» RAW DATA:
--- START ---

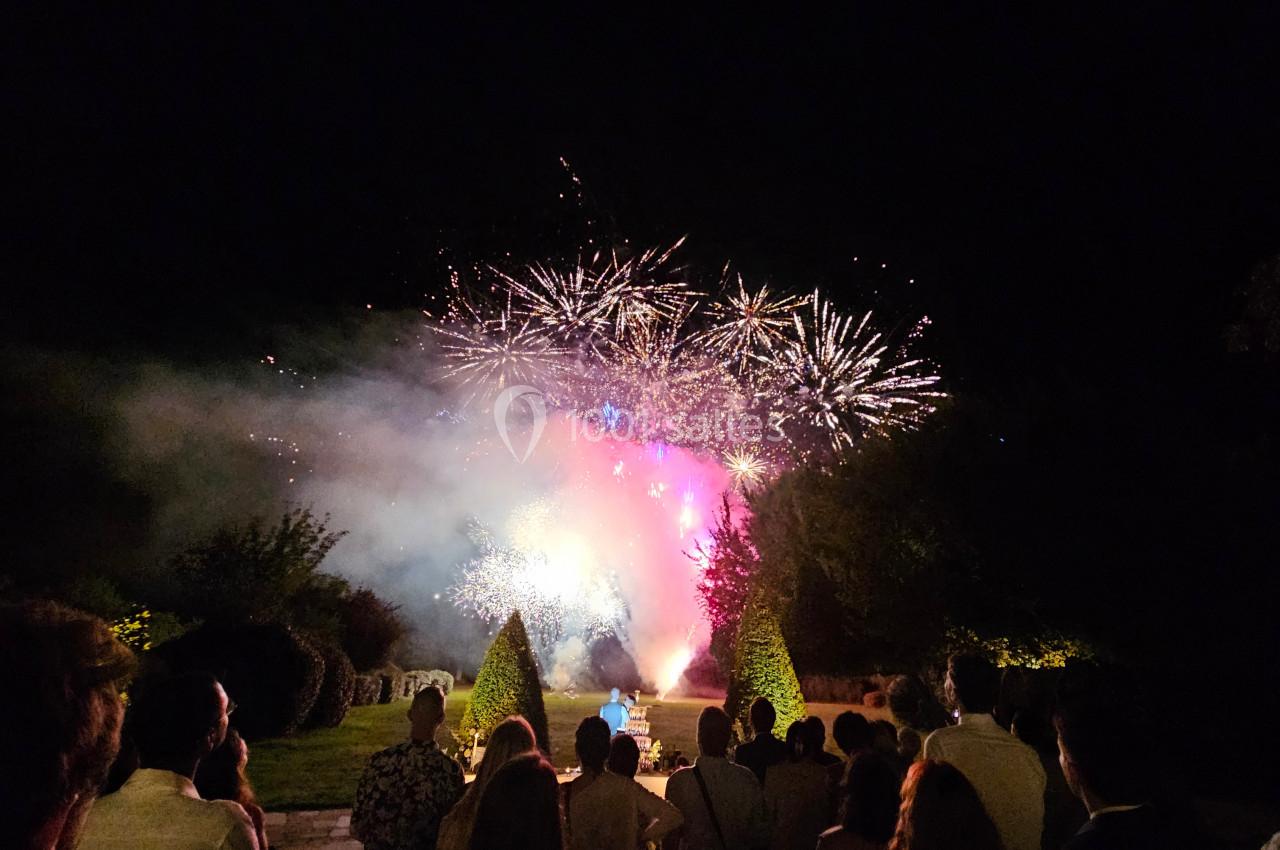 Un groupe de personnes regarde un feu d'artifice coloré illuminant un jardin la nuit.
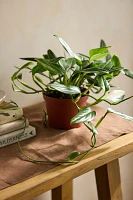 Monstera standleyana Plant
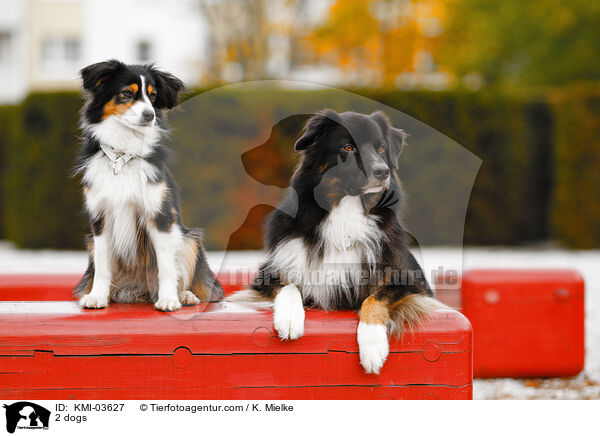 2 Hunde / 2 dogs / KMI-03627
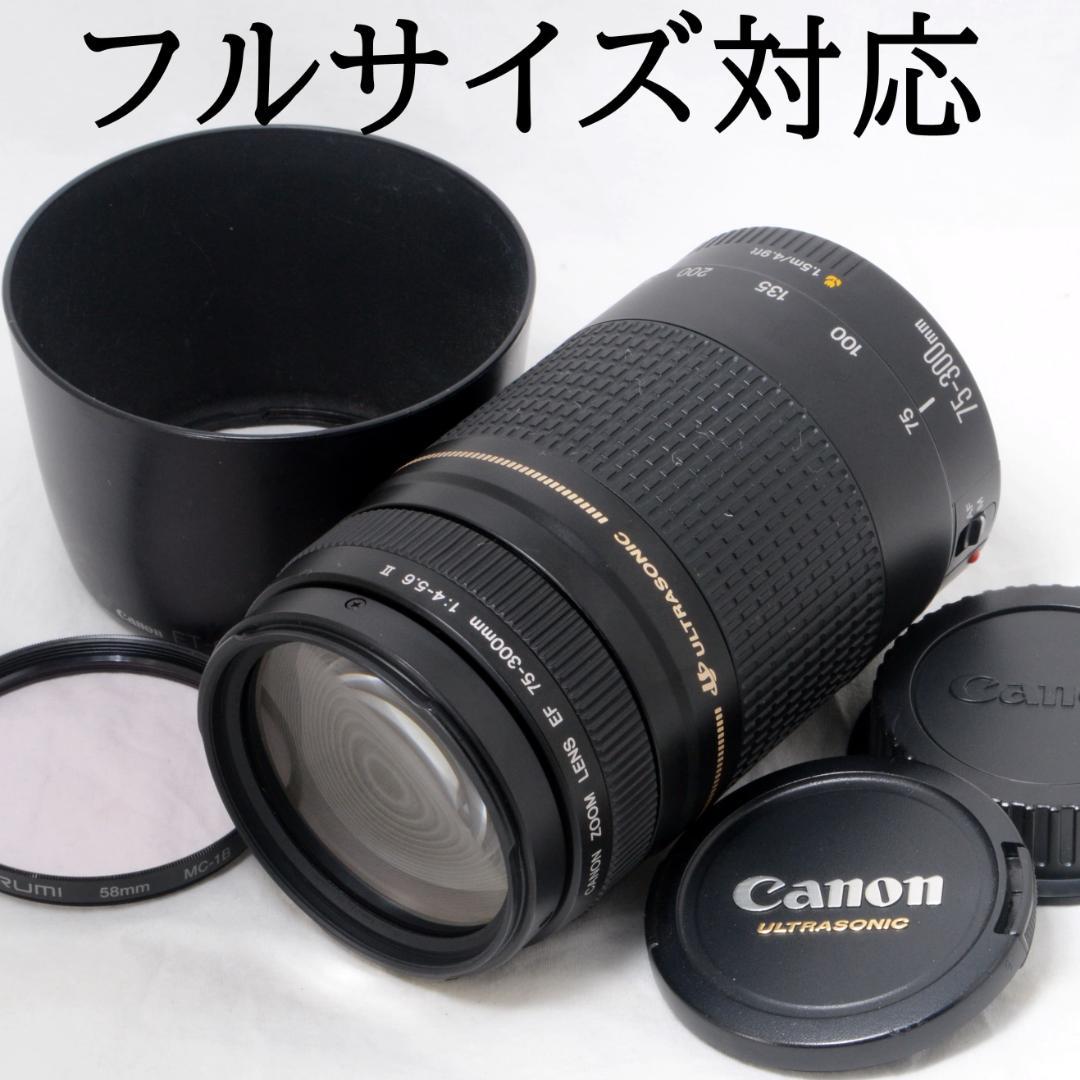 ★良品★Canon キャノン EF 75-300mm F4-5.6 Ⅱ USM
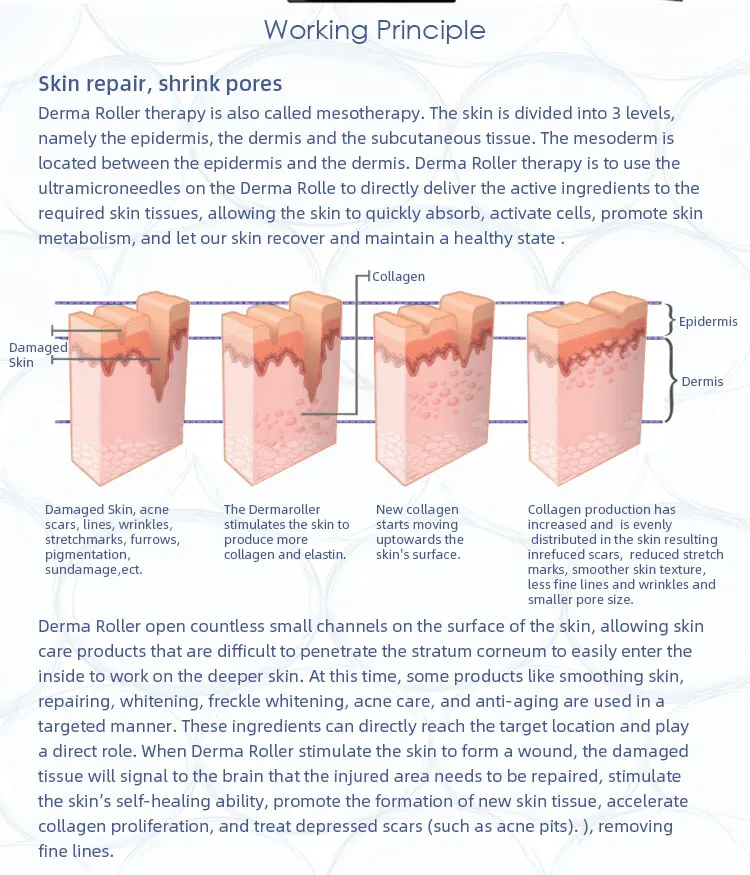 New arrival Derma Roller Skin Rejuvenation Facial Device Hair growth Machine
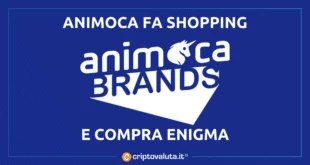 Animoca investe in Enigma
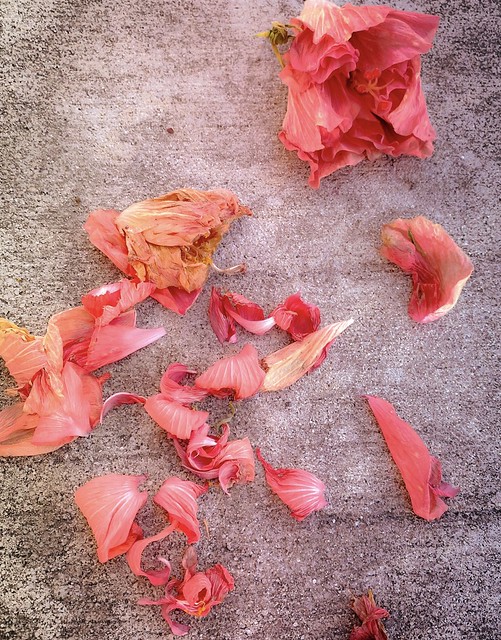 Fallen Hibiscus Petals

--- END ---

» WORK ORDER:
Every line of the material must be repeated exactly; pictures stay out.

» SOLUTION TO THIS EXERCISE:
 Un groupe de personnes regarde un feu d'artifice coloré illuminant un jardin la nuit.
 Monstera standleyana Plant
 2 Hunde / 2 dogs / KMI-03627
 ★良品★Canon キャノン EF 75-300mm F4-5.6 Ⅱ USM
 New arrival Derma Roller Skin Rejuvenation Facial Device Hair growth Machine
 Animoca investe in Enigma
 Fallen Hibiscus Petals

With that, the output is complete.